Saya pun tak bisa beranjak dari kelas karena derasnya hujan. Kami berdiri di “titik aman” kami masing-masing dan mulai terbawa efek hipnotik bunyi air hujan. Sayapun mulai merenung, apakah penderitaan seperti ini harus dialami sekolah rintisan baru? Apakah masyarakat terlalu “bernafsu” membuka sekolah rintisan baru sampai melupakan daya dukung agar tidak terjadi seperti ini? Sebegitu panjang dan lamakah proses birokrasi sehingga sekolah ini belum juga mendapatkan bantuan gedung permanent? Salahkah kami guru dan peserta didik yang tidak bisa “sedia payung sebelum hujan”?

Diantara permenungan mencari “kambing hitam”, saya juga berupaya mencari “kambing putih”. Benarkah aspirasi dan usaha masyarakat untuk mendirikan SMP rintisan baru? Mengingat SMP terdekat sebelumnya berjarak belasan kilometer. Benarkah proses birokrasi pengadaan gedung sekolah? Mengingat standar pelayanan publik yang sudah ditetapkan peraturannya. Benarkan kami guru dan murid tidak bisa memprediksi dan memanajemen resiko? Mengingat kami sudah coba apa yang kami bisa, tapi kerja belum selesai (Sedikit mengutip puisi Karawang-Bekasi, karya Chairil Anwar).

Tambalan atap yang dikerjakan seadanya oleh peserta didik tentu tidak sebaik yang dikerjakan oleh orang tua mereka. Kami memberdayakan beberapa peserta didik yang mampu untuk menambal atap sekolah cukup beralasan, mengingat kondisi yang mendesak.

Daya dukung pembiayaan sekolah sangat terbatas untuk bisa membayar gaji pegawai, penjaga sekolah termasuk tata usaha. Tak jarang kami berutang ke kios untuk kebutuhan sekolah. Saya pernah menemani teman-teman guru honor pulang ke rumah orang tua mereka untuk mengambil bekal makanan.
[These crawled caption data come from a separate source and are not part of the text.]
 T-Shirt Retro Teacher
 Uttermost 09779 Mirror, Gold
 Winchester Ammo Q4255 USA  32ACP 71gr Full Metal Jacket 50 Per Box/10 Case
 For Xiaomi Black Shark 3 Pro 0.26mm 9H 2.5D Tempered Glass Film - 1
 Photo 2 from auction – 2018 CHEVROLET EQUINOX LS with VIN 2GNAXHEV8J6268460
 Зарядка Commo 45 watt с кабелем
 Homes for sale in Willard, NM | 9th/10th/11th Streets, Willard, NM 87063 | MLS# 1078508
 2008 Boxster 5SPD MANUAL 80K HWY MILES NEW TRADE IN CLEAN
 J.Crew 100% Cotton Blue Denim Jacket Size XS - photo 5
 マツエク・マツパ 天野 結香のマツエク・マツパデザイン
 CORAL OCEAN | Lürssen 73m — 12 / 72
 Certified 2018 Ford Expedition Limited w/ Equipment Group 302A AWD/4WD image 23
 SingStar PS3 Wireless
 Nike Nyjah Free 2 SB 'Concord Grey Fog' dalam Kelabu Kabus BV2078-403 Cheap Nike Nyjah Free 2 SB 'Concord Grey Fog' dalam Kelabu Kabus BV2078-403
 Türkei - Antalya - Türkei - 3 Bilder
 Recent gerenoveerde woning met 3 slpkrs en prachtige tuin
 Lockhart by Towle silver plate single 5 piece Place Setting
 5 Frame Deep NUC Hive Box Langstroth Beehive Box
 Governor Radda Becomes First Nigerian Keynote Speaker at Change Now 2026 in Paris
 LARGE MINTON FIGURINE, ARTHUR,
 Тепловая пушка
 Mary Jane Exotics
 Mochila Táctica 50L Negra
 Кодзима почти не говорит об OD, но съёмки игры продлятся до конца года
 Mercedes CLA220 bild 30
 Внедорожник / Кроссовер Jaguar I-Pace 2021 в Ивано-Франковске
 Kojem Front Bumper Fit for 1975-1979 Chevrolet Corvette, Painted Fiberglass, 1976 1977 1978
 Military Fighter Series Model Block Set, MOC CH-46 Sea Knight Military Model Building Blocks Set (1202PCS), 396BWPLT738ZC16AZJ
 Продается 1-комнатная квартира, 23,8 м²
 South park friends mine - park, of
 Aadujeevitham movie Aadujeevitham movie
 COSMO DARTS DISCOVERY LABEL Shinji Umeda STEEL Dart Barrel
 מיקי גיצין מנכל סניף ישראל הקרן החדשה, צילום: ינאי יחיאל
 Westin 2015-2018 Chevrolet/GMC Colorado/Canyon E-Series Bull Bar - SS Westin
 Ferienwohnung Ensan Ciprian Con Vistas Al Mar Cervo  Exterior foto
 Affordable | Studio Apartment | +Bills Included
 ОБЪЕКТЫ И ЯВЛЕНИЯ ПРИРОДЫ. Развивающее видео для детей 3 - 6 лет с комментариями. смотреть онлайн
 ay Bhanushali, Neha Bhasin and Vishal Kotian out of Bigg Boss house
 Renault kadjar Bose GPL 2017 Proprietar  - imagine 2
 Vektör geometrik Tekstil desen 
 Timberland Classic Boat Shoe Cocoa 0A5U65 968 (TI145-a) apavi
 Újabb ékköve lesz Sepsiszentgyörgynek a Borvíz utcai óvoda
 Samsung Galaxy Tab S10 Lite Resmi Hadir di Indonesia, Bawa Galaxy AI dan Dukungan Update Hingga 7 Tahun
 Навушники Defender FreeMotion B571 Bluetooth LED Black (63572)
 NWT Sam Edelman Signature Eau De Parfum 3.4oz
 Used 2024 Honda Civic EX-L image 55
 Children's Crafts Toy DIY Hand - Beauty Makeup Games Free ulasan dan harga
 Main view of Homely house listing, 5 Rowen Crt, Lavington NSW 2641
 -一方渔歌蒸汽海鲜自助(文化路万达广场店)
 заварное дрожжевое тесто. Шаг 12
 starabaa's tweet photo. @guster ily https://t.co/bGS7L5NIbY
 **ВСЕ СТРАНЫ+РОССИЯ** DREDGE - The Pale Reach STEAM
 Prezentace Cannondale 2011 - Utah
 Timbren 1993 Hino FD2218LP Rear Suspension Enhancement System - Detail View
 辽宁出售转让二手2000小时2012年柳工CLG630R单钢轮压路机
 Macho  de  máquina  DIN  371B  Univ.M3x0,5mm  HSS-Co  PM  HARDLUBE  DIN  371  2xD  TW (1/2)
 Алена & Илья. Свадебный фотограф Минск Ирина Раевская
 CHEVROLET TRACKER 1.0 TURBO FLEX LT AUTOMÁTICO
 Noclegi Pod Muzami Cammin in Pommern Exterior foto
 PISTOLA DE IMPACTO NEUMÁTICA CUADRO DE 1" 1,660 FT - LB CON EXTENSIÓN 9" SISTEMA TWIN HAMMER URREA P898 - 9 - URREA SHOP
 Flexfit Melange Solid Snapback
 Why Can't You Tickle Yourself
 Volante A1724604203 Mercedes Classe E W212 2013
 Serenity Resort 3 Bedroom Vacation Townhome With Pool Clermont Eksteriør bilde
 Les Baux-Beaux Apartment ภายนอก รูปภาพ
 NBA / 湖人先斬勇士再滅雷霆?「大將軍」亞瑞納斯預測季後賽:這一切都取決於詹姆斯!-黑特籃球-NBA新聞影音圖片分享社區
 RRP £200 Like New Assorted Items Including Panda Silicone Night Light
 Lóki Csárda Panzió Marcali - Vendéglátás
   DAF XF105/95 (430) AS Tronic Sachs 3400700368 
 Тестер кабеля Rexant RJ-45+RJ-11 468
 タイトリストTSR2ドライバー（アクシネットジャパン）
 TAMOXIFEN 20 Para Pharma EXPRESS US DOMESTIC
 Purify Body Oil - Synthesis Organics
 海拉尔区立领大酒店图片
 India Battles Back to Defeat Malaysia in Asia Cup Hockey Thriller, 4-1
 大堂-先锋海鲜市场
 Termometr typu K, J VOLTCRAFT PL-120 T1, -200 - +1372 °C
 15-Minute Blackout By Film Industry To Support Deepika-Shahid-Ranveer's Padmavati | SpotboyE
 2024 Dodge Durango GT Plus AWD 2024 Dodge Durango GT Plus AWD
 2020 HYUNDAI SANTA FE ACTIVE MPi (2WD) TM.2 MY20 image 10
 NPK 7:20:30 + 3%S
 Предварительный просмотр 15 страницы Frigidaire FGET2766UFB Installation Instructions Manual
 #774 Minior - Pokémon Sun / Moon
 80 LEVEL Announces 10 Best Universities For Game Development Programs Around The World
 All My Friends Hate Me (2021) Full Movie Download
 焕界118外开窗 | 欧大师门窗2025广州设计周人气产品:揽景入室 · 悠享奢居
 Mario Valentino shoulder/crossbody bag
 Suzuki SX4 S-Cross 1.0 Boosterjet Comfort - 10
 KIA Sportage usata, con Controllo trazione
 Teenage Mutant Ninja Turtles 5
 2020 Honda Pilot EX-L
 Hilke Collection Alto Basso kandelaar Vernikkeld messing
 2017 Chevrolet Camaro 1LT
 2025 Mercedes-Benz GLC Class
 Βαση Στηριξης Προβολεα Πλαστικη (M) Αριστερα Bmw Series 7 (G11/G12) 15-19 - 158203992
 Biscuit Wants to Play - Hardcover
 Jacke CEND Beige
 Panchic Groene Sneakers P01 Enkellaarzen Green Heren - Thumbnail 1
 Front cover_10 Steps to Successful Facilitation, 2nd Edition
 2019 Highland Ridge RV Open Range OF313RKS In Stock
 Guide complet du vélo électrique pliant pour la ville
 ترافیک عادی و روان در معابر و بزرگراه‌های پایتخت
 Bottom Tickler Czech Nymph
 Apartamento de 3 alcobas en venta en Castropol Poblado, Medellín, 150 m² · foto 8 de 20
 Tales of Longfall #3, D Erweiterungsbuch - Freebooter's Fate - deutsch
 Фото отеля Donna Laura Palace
Maklum, gaji honor yang mereka terima tidak cukup untuk biaya hidup sebulan. Walau demikian mereka tetap menjadi guru “Es i”.

Guru merangkap penjaga sekolah, guru merangkap tata usaha. Saya dengan basic ilmu IPA diperbantukan mengajar Matematika karena guru matematika tidak ada. Saat dapodik pertama kali dirilis, saya merangkap tata usaha dan operator sekaligus. Maklum saat itu saya satu-satunya guru yang menguasai TIK di sekolah. Pagi sampai siang mengajar. Sore isterahat. Malam sampai pagi kerja dapodik. Namun karena leptop cuma satu dan listrik pun hanya ada di pusat kecamatan, maka pagi kami ke sekolah, sore ke kecamatan dengan jarak tempuh ± 17 Km. Mengingat aspek kesehatan saya, maka saya melatih teman tata usaha sampai dia bisa mengelola dokumen tata usaha dan bendahara.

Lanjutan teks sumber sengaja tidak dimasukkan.